Note that the main function of your program is still executed by the CPU! Merely compiling something with nvcc does not make any difference as such, unless you write code that explicitly asks the GPU to do some part of the work. There is no speedup that you get for free.

Programming model

The key primitive in a CUDA program is called “launching a kernel”. Here a “kernel” is simply some C++ function that we would like to run on the GPU very many times.

Computation is organized hierarchically in “blocks” of “threads”: we will have to specify the number of blocks and the number of threads per block.

Here is a simple example of a complete CUDA program that does nothing — but in a massively parallel manner. We ask the GPU to launch 100 blocks of threads, each with 128 threads:

__device__ void foo(int i, int j) {}

__global__ void mykernel() {
    int i = blockIdx.x;
    int j = threadIdx.x;
    foo(i, j);
}

int main() {
    mykernel<<<100, 128>>>();
    cudaDeviceSynchronize();
}

If we save this code in a file called example.cu and compile it with nvcc example.cu -o example, it should produce a program that we can run with ./example. It does absolutely nothing visible, but if we run it under NVIDIA Profiler with nvprof ./example, we can see some GPU activity.

What will happen is that the GPU will run the following 12800 function calls in some order, most likely in a parallel fashion:

f(0,  0), f(0,  1), f(0,  2), ..., f(0,  127),
f(1,  0), f(1,  1), f(1,  2), ..., f(1,  127),
                              ...,
f(99, 0), f(99, 1), f(99, 2), ..., f(99, 127).

Let us now dissect the program:

In summary, the GPU will run mykernel 12800 times (without any parameters, but with different values in blockIdx and threadIdx), and hence we will run foo 12800 times (with different parameters). This is very much like a parallelized version of the following loop:

for (int i = 0; i < 100; ++i) {
    for (int j = 0; j < 128; ++j) {
        foo(i, j);
    }
}

Internally, the GPU will divide each block in smaller units of work, called “warps”. Each warp consists of 32 threads. This is one of the reasons why it makes sense to pick a nice round number such as 64, 128, or 256 threads per block. Very small values make our code inefficient. Very large values do not work at all: the GPU will simply refuse to launch the kernel if we try to ask for more than 1024 threads per block.

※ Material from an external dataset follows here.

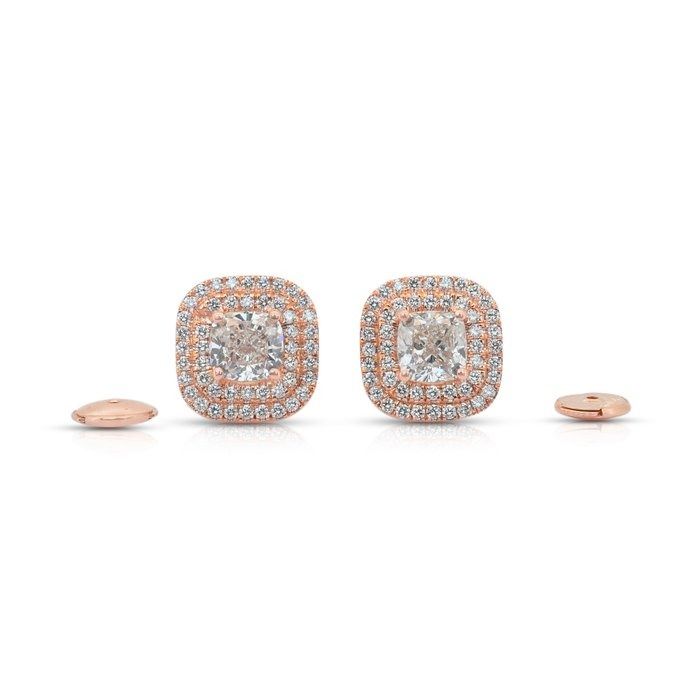 Elegant 2.67ct Diamonds Stud Earrings in 18k Rose Gold - IGI Certified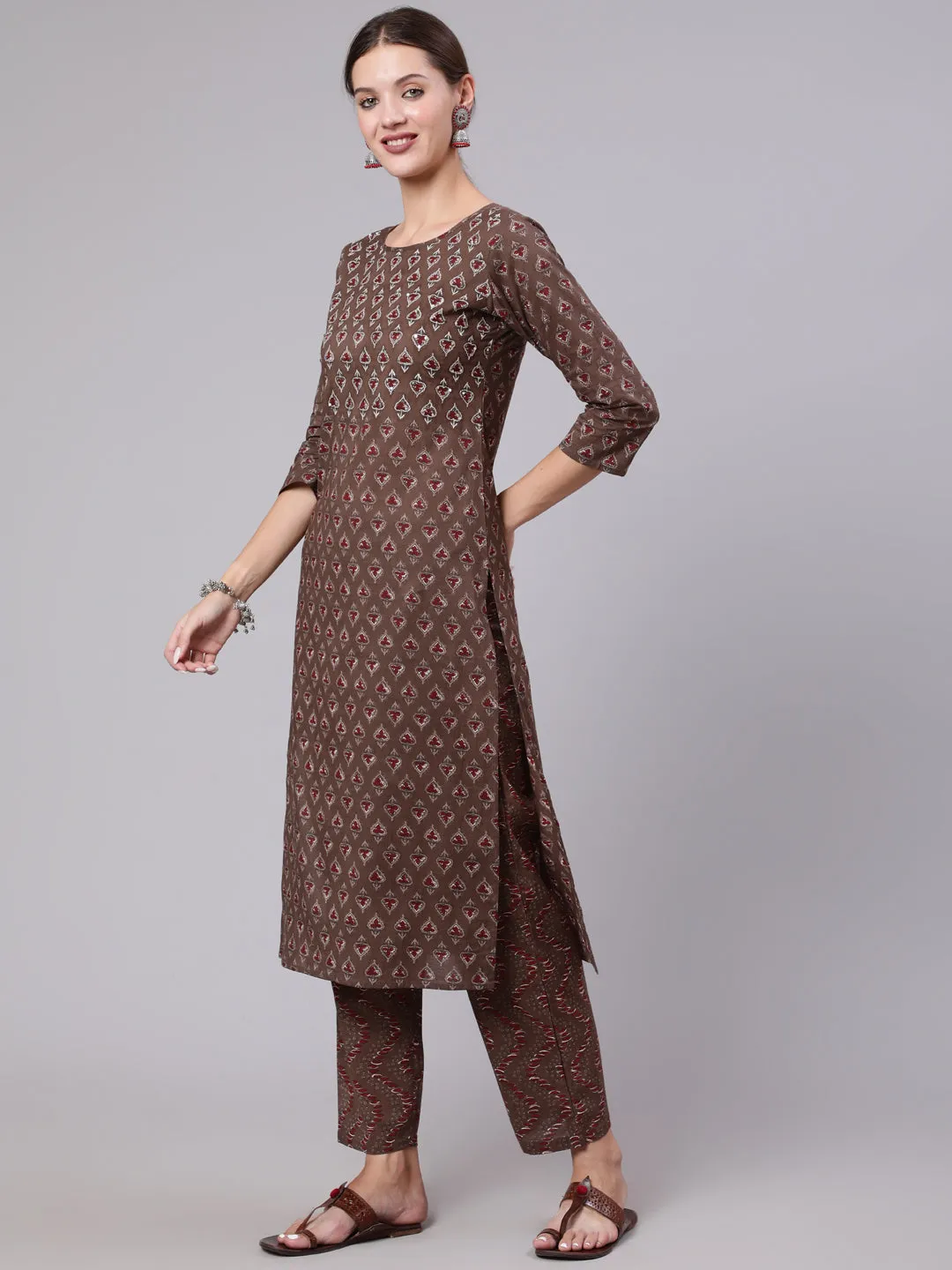 Ethnic Motifs Printed Pure Cotton Kurta With Trousers & Dupatta - The Nks Plus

Multidimensional grids and blocks

Often it is convenient to index blocks and threads with 2-dimensional or 3-dimensional indexes. Here is an example in which we create 20 × 5 blocks, each with 16 × 8 threads:

__device__ void foo(int iy, int ix, int jy, int jx) {}

__global__ void mykernel() {
    int ix = blockIdx.x;
    int iy = blockIdx.y;
    int jx = threadIdx.x;
    int jy = threadIdx.y;
    foo(iy, ix, jy, jx);
}

int main() {
    dim3 dimGrid(20, 5);
    dim3 dimBlock(16, 8);
    mykernel<<<dimGrid, dimBlock>>>();
    cudaDeviceSynchronize();
}

The end result is similar to the parallelized version of the following loop:

for (int iy = 0; iy < 5; ++iy) {
    for (int ix = 0; ix < 20; ++ix) {
        for (int jy = 0; jy < 8; ++jy) {
            for (int jx = 0; jx < 16; ++jx) {
                foo(iy, ix, jy, jx);
            }
        }
    }
}

The term “grid” is often used to refer to the multidimensional arrangement of blocks.

Multidimensional indexes are primarily a matter of convenience. One could equally well use one-dimensional indexes and a little bit of arithmetic to turn them into multidimensional indexes.